== WORK ORDER ==
For the records below, please print exactly and only the lines from the one with "Honda CBR 1000RR-R" down to the one with "Thumbnail: 2017 Volvo XC90 - 9", both ends included, omitting the pictures.

== EXCERPTED DATA ==

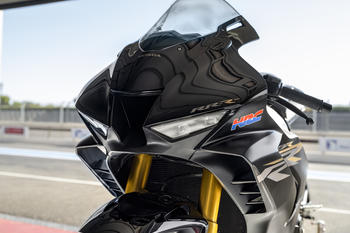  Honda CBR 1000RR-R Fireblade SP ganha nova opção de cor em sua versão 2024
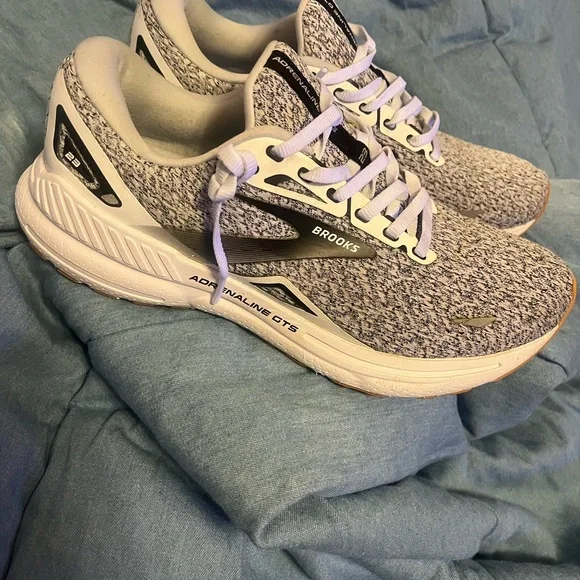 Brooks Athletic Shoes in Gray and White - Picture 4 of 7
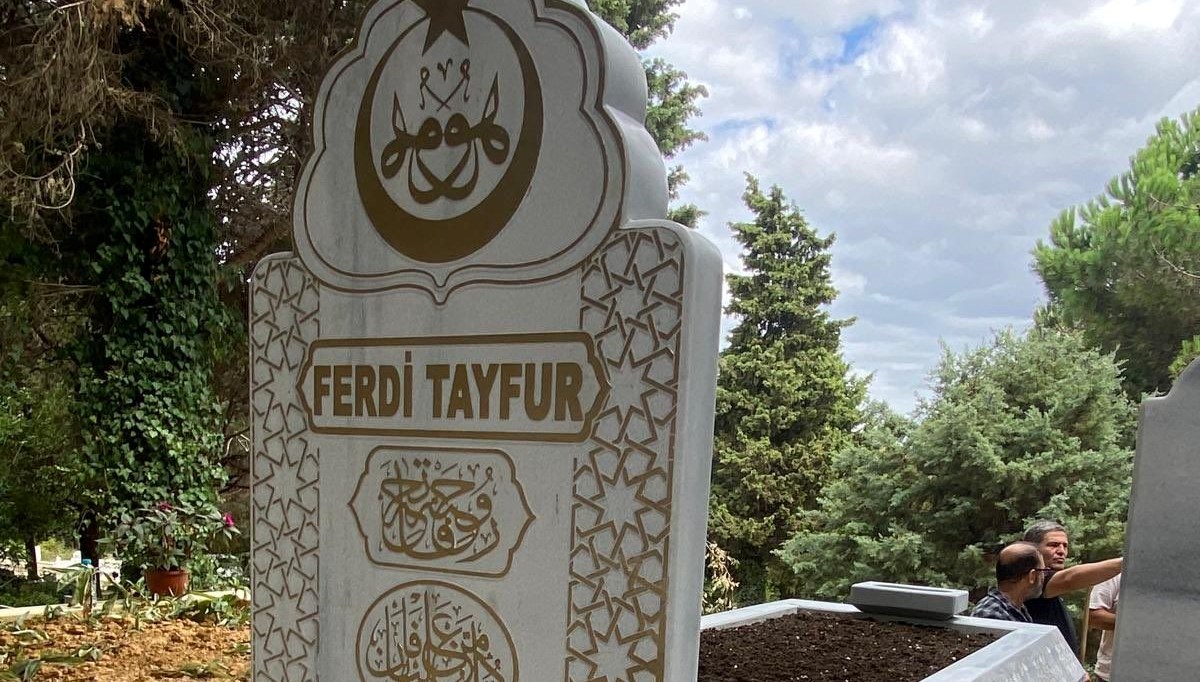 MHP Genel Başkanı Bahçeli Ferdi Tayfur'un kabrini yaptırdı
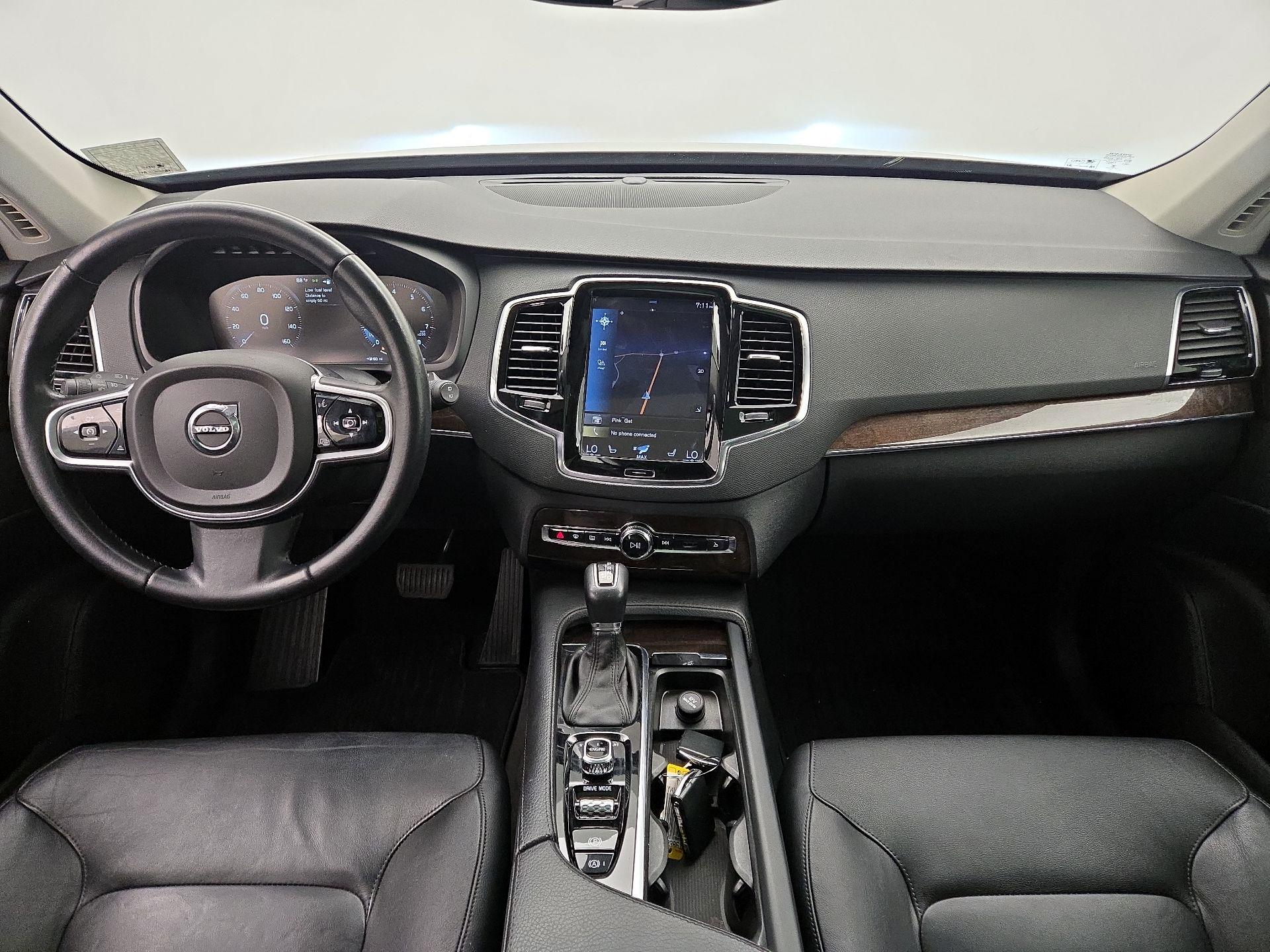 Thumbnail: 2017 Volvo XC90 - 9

==

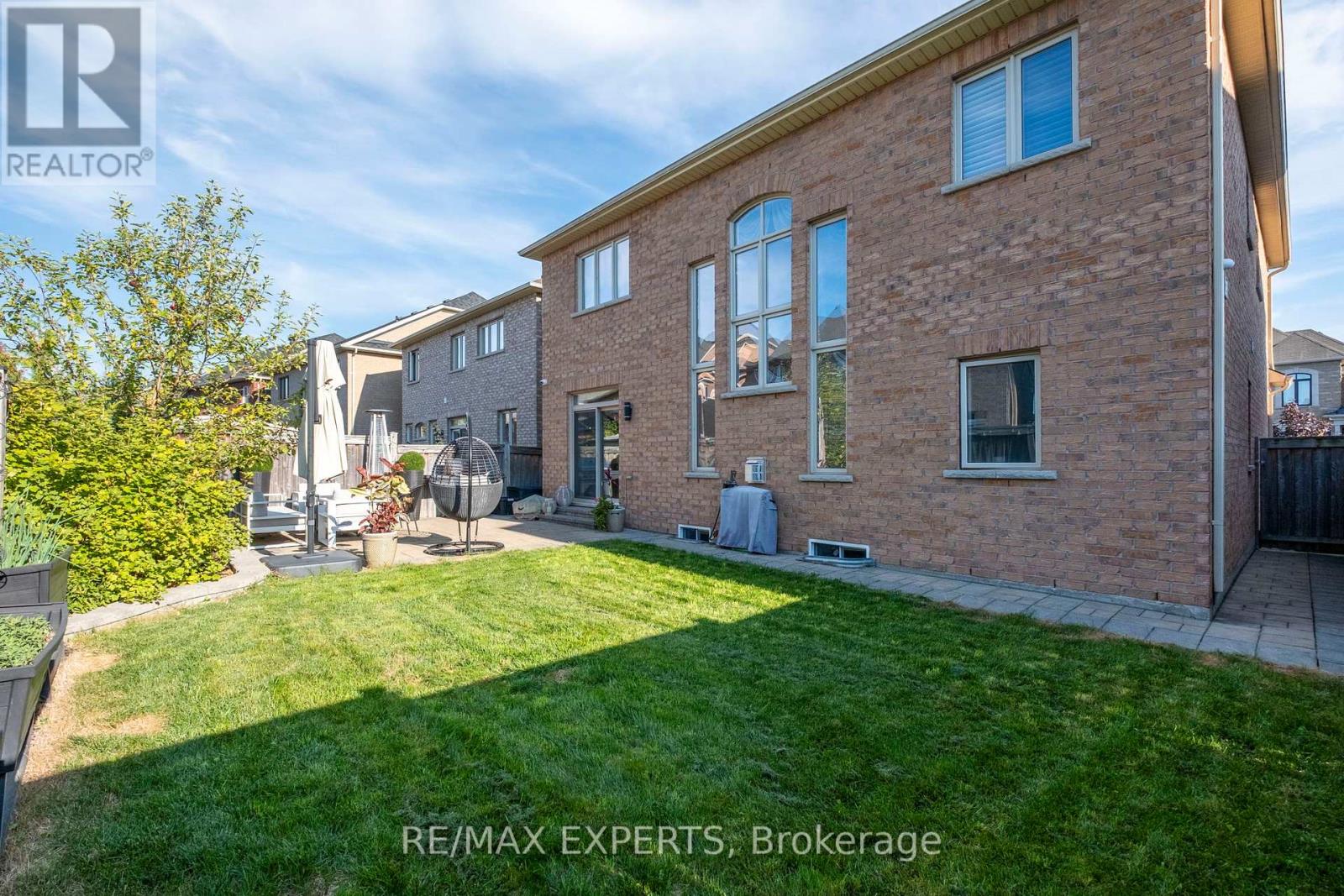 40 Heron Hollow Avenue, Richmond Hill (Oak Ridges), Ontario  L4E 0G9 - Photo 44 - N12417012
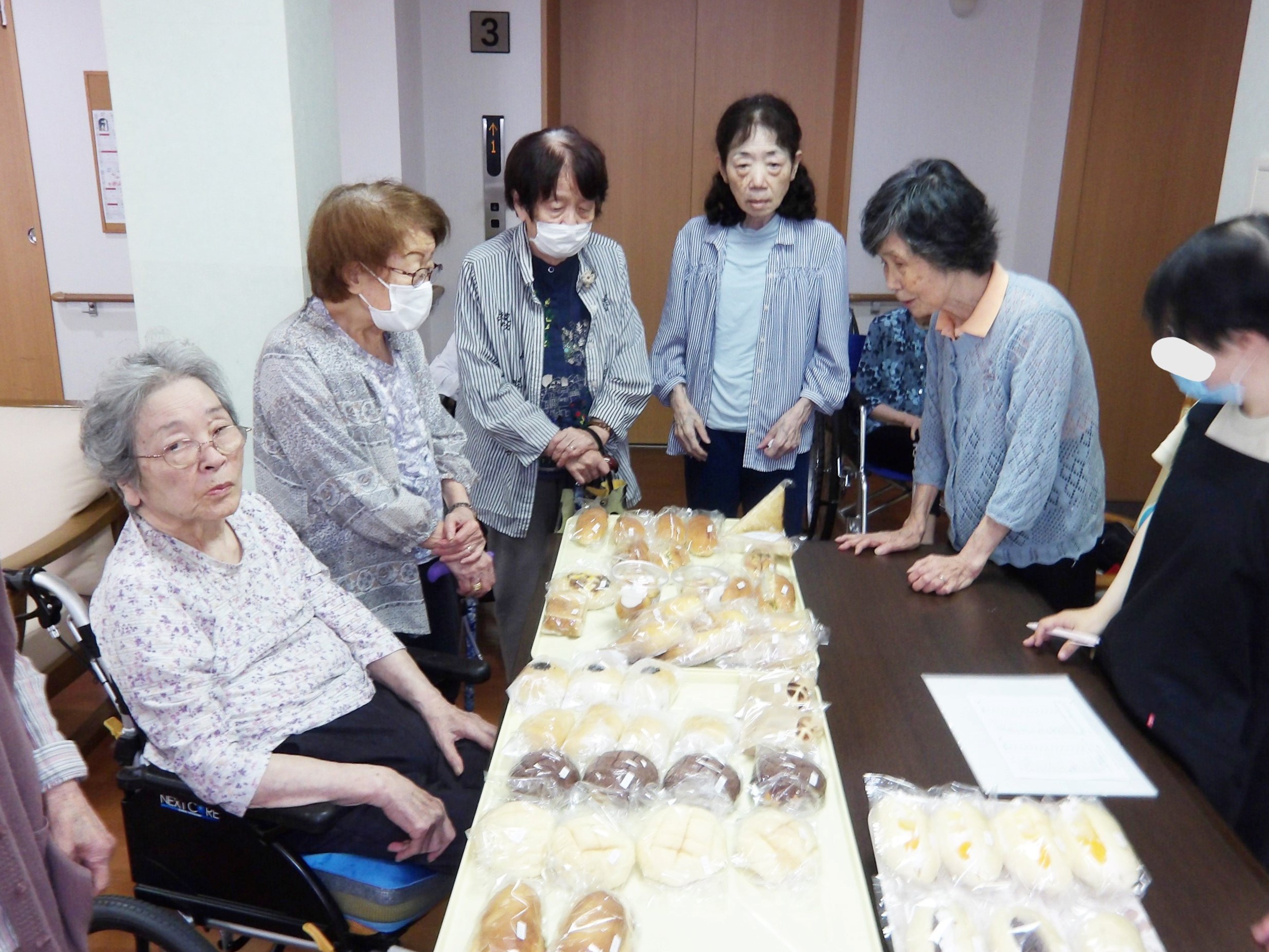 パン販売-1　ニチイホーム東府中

== TASK OUTPUT ==
  Honda CBR 1000RR-R Fireblade SP ganha nova opção de cor em sua versão 2024
 Brooks Athletic Shoes in Gray and White - Picture 4 of 7
 MHP Genel Başkanı Bahçeli Ferdi Tayfur'un kabrini yaptırdı
 Thumbnail: 2017 Volvo XC90 - 9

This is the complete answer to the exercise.